Waterloo

In 1814 French Emperor Napoleon Bonaparte, facing certain defeat at the hands of the Sixth Coalition, abdicates at the demand of his marshals. He is banished to Elba with 1,000 men, but escapes and returns to France. Ney, now serving the monarchy of Louis XVIII of France, is tasked with recapturing him, but he and his army defect to Napoleon. King Louis flees, Napoleon triumphantly enters Paris, and the European powers declare war.

The Prussian Karl Freiherr von Müffling interrupts the Duchess of Richmond’s ball to warn the Duke of Wellington that Napoleon has invaded Belgium to defeat the Allied forces before they can unite. Realising that Napoleon has got between the British and the Prussian Armies, Wellington decides to halt the Grande Armée at Waterloo.

The French fight the British to a draw at Quatre-Bras, but defeat the Prussians at Ligny. Field Marshal Gebhard von Blücher rejects the advice of his Chief of Staff, General August von Gneisenau to retreat and instead moves north to Wavre to keep contact with Wellington. Napoleon, enraged that Ney has let Wellington withdraw to ground of his choosing, directs 30,000 men under Marshal Emmanuel de Grouchy to pursue Blücher and keep the Prussians from rejoining the British, while he leads his remaining force against Wellington.

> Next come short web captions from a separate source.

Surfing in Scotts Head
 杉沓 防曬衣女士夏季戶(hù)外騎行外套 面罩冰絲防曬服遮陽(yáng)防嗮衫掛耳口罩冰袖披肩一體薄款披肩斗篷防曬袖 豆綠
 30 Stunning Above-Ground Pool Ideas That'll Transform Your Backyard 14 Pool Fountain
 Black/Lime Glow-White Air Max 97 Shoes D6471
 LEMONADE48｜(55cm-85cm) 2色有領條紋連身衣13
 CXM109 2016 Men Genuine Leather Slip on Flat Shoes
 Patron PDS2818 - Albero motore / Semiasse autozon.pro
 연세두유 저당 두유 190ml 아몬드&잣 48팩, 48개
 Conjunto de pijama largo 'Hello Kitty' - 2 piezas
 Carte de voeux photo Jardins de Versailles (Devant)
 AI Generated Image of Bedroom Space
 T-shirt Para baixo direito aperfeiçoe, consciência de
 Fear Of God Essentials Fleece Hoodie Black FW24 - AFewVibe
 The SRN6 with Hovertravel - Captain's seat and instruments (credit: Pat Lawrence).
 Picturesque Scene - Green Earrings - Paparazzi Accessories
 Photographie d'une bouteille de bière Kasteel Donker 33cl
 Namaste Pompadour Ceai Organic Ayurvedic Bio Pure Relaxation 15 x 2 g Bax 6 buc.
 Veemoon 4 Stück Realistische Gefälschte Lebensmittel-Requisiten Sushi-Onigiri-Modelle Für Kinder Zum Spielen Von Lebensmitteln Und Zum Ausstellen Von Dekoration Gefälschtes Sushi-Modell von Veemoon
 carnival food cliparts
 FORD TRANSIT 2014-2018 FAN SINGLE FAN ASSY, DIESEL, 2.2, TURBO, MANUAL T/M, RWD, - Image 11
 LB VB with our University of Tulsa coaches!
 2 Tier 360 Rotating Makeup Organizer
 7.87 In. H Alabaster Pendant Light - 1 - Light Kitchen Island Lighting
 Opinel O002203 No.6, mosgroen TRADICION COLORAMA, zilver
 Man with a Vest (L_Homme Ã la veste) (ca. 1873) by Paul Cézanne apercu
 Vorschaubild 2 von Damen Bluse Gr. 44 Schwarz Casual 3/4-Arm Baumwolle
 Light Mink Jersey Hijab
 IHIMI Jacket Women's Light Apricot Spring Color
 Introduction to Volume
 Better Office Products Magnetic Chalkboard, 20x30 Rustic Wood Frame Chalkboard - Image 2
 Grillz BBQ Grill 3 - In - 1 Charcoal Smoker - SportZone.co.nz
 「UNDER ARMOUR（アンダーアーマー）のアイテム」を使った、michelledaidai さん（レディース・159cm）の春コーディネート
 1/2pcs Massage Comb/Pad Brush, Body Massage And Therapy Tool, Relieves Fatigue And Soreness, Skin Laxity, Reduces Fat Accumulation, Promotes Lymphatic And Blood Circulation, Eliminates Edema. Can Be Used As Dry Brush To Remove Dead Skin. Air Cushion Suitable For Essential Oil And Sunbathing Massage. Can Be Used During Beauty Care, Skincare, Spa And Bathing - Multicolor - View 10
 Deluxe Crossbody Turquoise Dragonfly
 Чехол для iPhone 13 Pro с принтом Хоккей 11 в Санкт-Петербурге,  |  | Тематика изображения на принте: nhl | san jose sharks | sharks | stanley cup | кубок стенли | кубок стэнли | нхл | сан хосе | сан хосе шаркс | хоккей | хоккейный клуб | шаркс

The battle of Waterloo, delayed to let the ground dry after the previous night’s storm, starts shortly after 11:30 am with cannon fire from the French. Napoleon launches a diversionary infantry attack on Wellington’s right flank, the Chateau of Hougoumont, but Wellington refuses to divert forces. Napoleon then attacks the allied left with the Comte d’Erlon’s infantry corps. General Picton, in civilian dress having lost his uniform when his mule was lost, successfully halts the attack but is killed. William Ponsonby’s cavalry brigade, the renowned Union brigade, including the famous Royal Scots Greys, pursue the French, but go too far across the battlefield and become isolated from the rest of the Allied force, and are thus cut to pieces by Napoleon’s lancers. Ponsonby himself is killed.

Napoleon realises that troops spotted emerging from the woods to the east are Prussians (Blücher’s army), not French (Grouchy’s force), but keeps this from his army. He then suffers stomach pain and withdraws temporarily, leaving Marshal Ney in command. Ney, in his desperation to win before Prussian intervention, misinterprets a reorganisation of the Allied line as a retreat and leads a cavalry charge, which is repelled with heavy losses by allied infantry squares.

Napoleon returns and rebukes his marshals for letting Ney attack without infantry support. However he hopes that Wellington’s line has been worn down. The British strongpoint of La Haye Sainte falls, and Napoleon sends the Imperial Guard for the decisive blow. As they advance they are repulsed by Maitland’s Guards Division, who were lying unseen in the grass on the reverse of the slope. The repulse of the Guard devastates French morale, and the arrival of the Prussians makes matters certain. After refusing to surrender, the final square of the French Imperial Guard is annihilated with close range cannon fire.

After the battle, Wellington wanders among the sea of dead (in reality 46,000 were killed in the battle), as survivors organise them into groups according to regiment. He laments the cost of victory – “next to a battle lost, the saddest thing is a battle won”.

At the same time Napoleon, who had declared that he would die with his men, is dragged by his marshals from the field and later departs in a carriage for Paris.